By Bakari Gueye
The recent turmoil in Mali prompted the Mauritanian government to send reinforcements to the border with the north of the country, where locals have declared the new state of Azawad.
According to a Mauritanian military press release, the National Chief of Staff sent reinforcements on April 5th to the eastern and southern borders of the country, “to ward off any incursions of armed groups from Mali”. Military units “have headed for the town of Bassiknou and areas close to the border with Mali, where the MNLA and armed Islamist groups are currently active.”
Cheikh Tourad Ould Eli, a terrorism expert, said that “the Mauritanian army wants to boost its presence in the east of the country to counter any manoeuvres by AQIM, which has men scattered everywhere following the disintegration of Mali and the defeat in the north by MNLA troops.”
The dispatch of troops comes “just after Mohamed Ould Abdel Aziz attended a meeting of presidents of the Economic Community of West African States (ECOWAS) to discuss military intervention in Mali,” he added.
“The Mauritanian authorities have had two battles to deal with of late: an internal struggle with demonstrations by the Democratic Opposition Co-ordinating Body (COD), which is calling for the president and his government to step down and is organising public protests, and another concerning security along the country’s borders,” said political analyst Mohamed Ould Sidi.
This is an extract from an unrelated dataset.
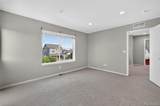12783 River Rock Way - Photo 19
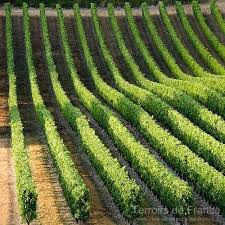 404 Not Found Vignoble Vin Vigne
Algerian Prime Minister Ahmed Ouyahia recently announced that Joint Operational Committee of Chiefs of Staff (CEMOC) is due to meet in the coming days in Nouakchott.
“A meeting of CEMOC chiefs of staff will soon be held to assess the situation in the region given the worrying resurgence of terrorist activity led by the Movement for Unity and Jihad in West Africa, which was created in the wake of the civil war in Libya. Our sources say it is masterminded chiefly by Malians and Mauritanians,” Ouyahia added.
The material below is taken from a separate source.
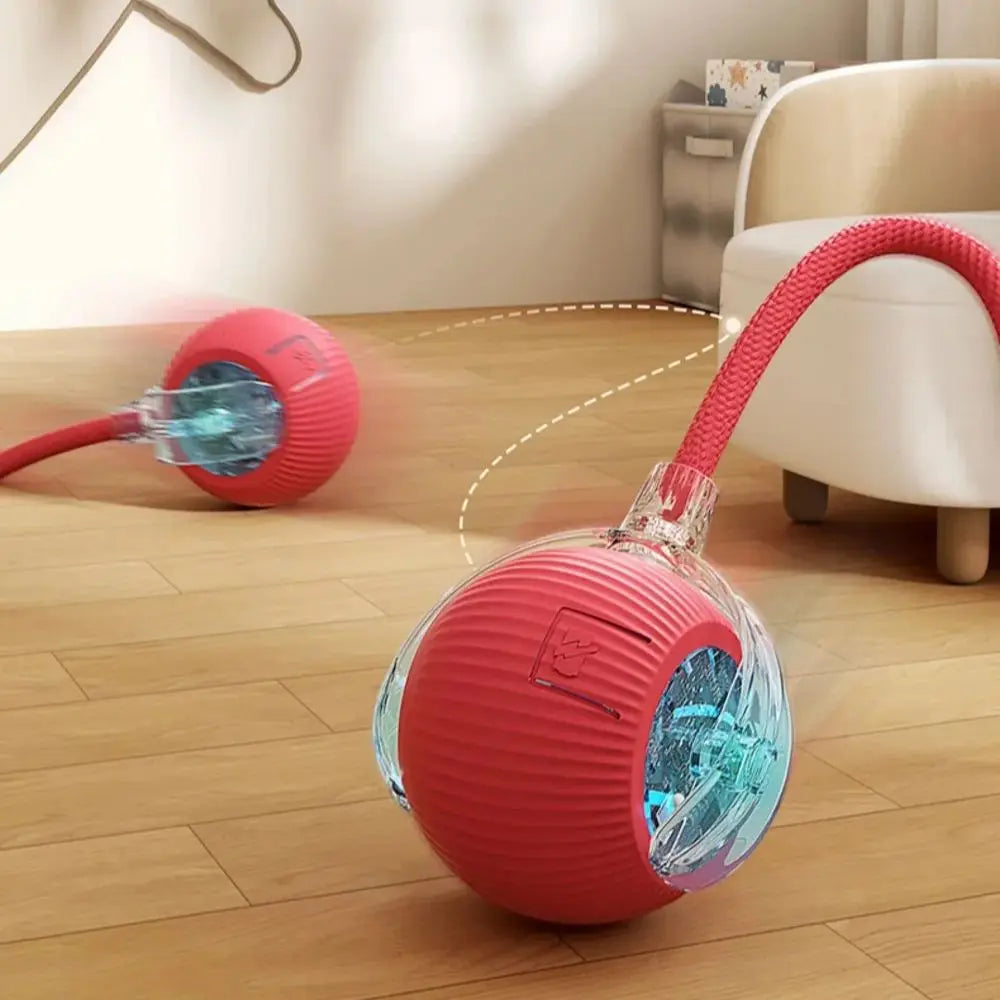 Purr-Chase™ Interactive Ball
“Having kidnapped European citizens in Tindouf and waged an attack on the National Gendarmerie in Tamanrasset, this group has just carried out an abduction in the back yard of the MNLA by kidnapping the Algerian consul in Gao and six Algerian diplomats,” he noted.
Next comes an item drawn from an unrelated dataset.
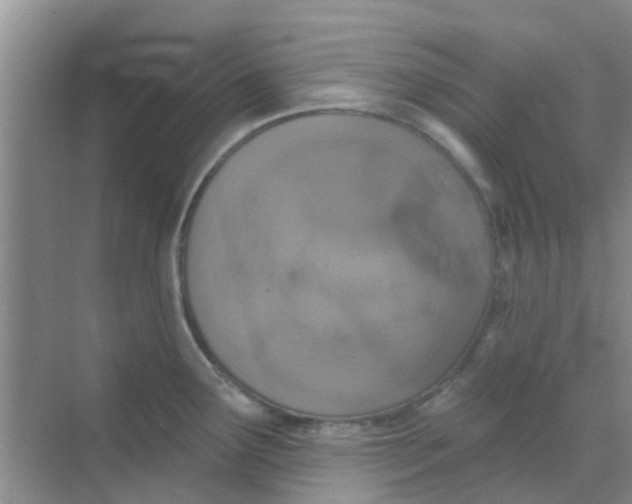 X0000068271291200605121836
According to Mohamed Ould Cheikh, an academic who conducts research on terrorism, “the armed groups which are destabilising the Sahel, and Mali in particular, must now grapple with the increased offensive strength of the armies in the sub-region.”
“This is because Algeria, Mauritania, Niger and Mali created CEMOC based in Tamanrasset,” Ould Cheikh noted. “Its objective is to co-ordinate the counterterrorism efforts of the four armies and to make it possible to conduct joint operations in each of the countries concerned.”